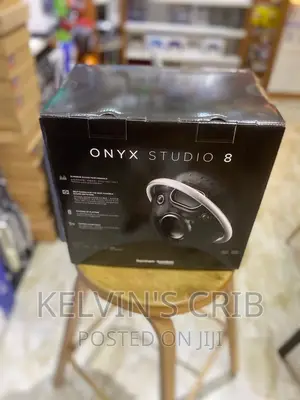 Onyx Studio 8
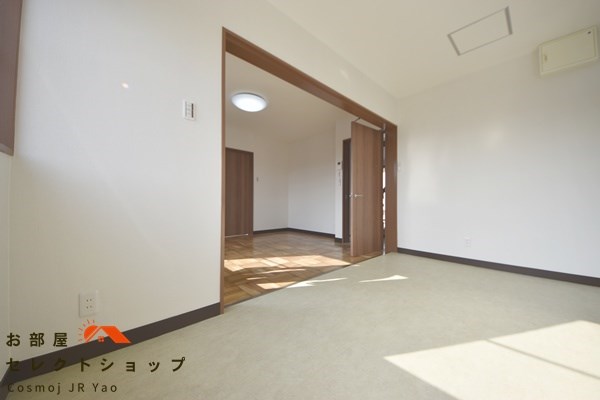 南太子堂5LDK戸建て リビング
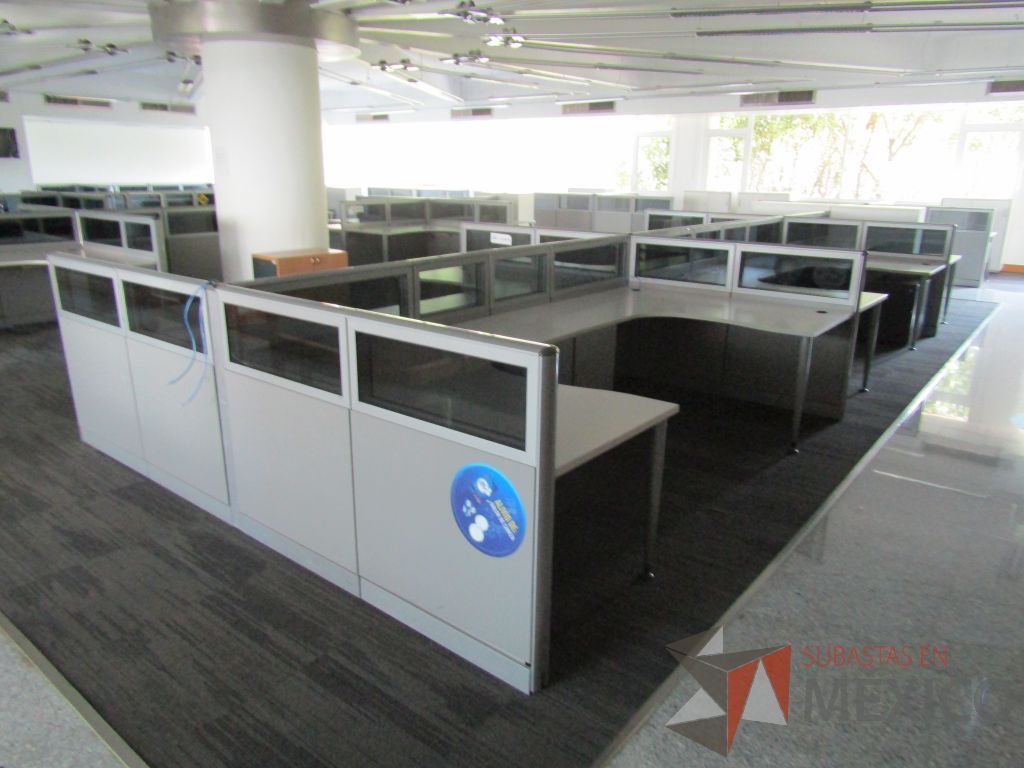 Lote 040 - Estación de trabajo para 10 personas, mampara baja con vidrio, con 10 archiveros de pedestal de 3 cajones - Steelcase - Imagen 8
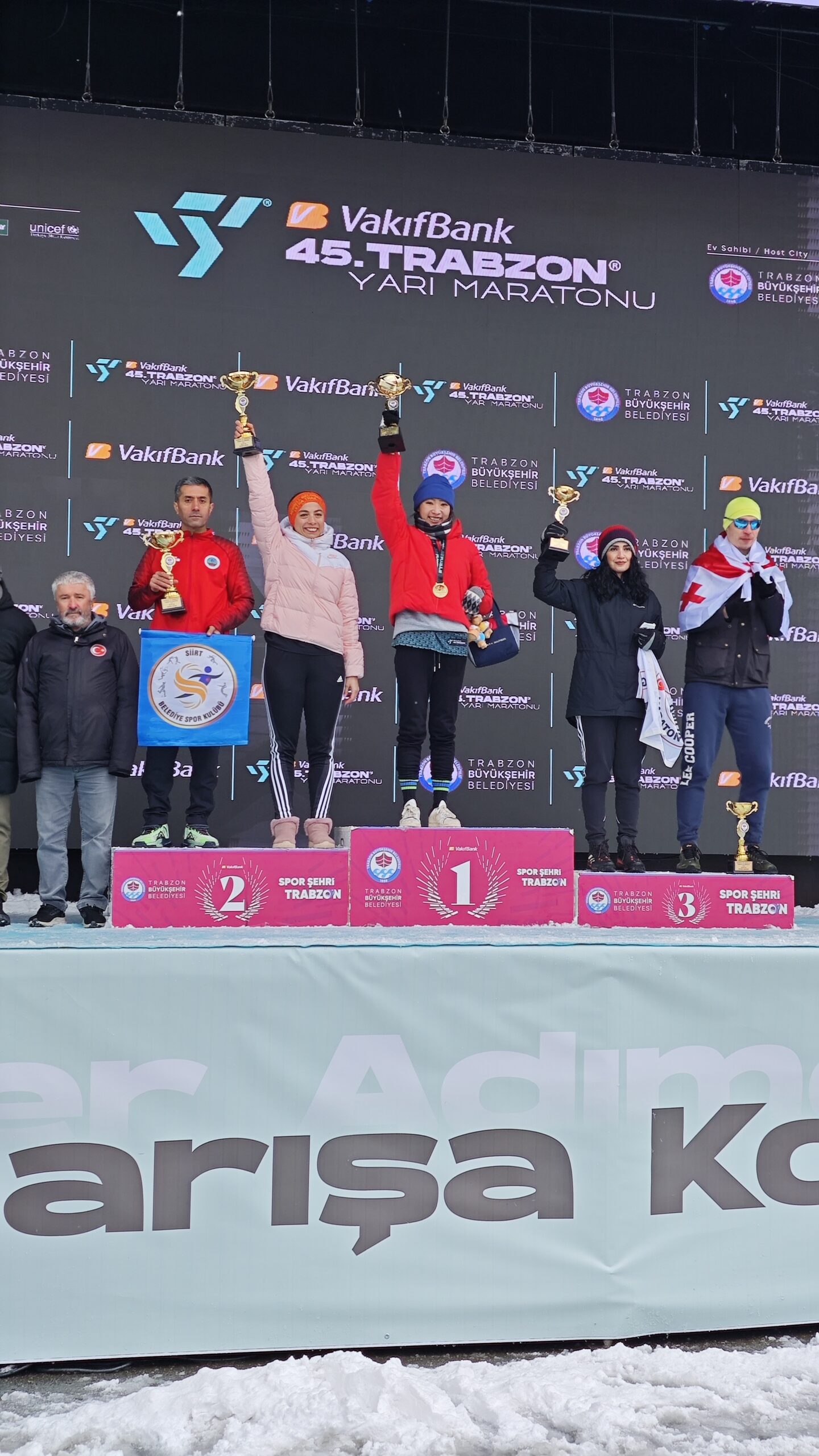 Siirt Belediyesi Spor Kulübü Sporcusu Muhittin GÜRHAN, Trabzon Yarı Maratonunda İkinci Oldu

== About this exercise ==
Only the lines from the one containing "Lote 040 - Estación" through the last line of the data may appear in the answer, each given again exactly and with pictures left out.

== Solved exercise ==
 Lote 040 - Estación de trabajo para 10 personas, mampara baja con vidrio, con 10 archiveros de pedestal de 3 cajones - Steelcase - Imagen 8
 Siirt Belediyesi Spor Kulübü Sporcusu Muhittin GÜRHAN, Trabzon Yarı Maratonunda İkinci Oldu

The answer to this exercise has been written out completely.